TO DO: Please copy exactly the lines that begin with the one containing "Terra Nova 40.5mm" and end with the last line of the entries.

DATA:
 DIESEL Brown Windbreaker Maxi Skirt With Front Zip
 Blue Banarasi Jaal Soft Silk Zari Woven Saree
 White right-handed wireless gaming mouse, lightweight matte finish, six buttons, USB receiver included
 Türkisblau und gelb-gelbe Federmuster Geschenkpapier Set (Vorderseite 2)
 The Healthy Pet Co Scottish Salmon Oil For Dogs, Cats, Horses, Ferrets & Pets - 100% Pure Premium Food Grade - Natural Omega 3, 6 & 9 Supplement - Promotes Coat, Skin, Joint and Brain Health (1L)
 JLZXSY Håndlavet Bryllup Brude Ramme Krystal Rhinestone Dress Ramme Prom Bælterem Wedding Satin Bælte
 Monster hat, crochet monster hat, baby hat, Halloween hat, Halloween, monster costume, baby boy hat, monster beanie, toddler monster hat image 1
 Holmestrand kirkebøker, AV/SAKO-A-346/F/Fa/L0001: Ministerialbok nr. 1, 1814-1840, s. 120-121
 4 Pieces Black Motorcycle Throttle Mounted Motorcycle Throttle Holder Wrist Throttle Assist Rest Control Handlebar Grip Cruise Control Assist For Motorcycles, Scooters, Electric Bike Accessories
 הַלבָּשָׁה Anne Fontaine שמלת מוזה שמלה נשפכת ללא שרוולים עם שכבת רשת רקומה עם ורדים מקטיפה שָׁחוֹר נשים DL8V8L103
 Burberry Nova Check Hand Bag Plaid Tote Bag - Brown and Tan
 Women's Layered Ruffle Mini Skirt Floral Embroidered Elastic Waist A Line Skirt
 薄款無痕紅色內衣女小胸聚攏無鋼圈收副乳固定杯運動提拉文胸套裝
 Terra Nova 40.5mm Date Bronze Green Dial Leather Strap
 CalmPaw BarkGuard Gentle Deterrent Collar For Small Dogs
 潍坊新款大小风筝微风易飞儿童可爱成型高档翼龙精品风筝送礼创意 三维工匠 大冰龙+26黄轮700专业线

OUTPUT:
 Terra Nova 40.5mm Date Bronze Green Dial Leather Strap
 CalmPaw BarkGuard Gentle Deterrent Collar For Small Dogs
 潍坊新款大小风筝微风易飞儿童可爱成型高档翼龙精品风筝送礼创意 三维工匠 大冰龙+26黄轮700专业线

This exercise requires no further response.